11. And in case any person already ordained minister in Scotland, or in any other reformed church, be designed to another congregation in England, he is to bring from that church to the presbytery here, within which that congregation is, a sufficient testimonial of his ordination, of his life and conversation while he lived with them, and of the causes of his removal; and to undergo such a trial of his fitness and sufficiency, and to have the same course held with him in other particulars, as is set down in the rule immediately going before, touching examination and admission. 

12. That records be carefully kept in the several presbyteries, of the names of the persons ordained, with their testimonials, the time and place of their ordination, of the presbyters who did impose hands upon them, and of the charge to which they are appointed. 

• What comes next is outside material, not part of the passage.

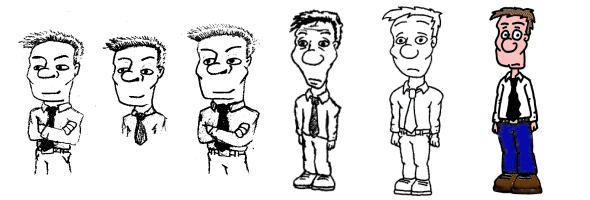 As you can see, Tim started out far from the nervous office junior that he eventually became.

13. That no money or gift, of what kind soever, shall be received from the person to be ordained, or from any on his behalf, for ordination, or ought else belonging to it, by any of the presbytery, or any appertaining to any of them, upon what pretence soever.


----------



## Pergamum (Dec 30, 2008)

Anything in simpler language?


----------



## Christusregnat (Dec 30, 2008)

Pergamum said:


> Anything in simpler language?



Me put hand on sholder; him become heap-um big Teaching Elder. Ugh!


----------



## Hamalas (Dec 30, 2008)

Christusregnat said:


> Pergamum said:
> 
> 
> > Anything in simpler language?
> ...


----------



## PresbyDane (Dec 30, 2008)




----------



## brianeschen (Jan 1, 2009)

Christusregnat said:


> Pergamum said:
> 
> 
> > Anything in simpler language?
> ...



Ohhhh . . . now I see.


----------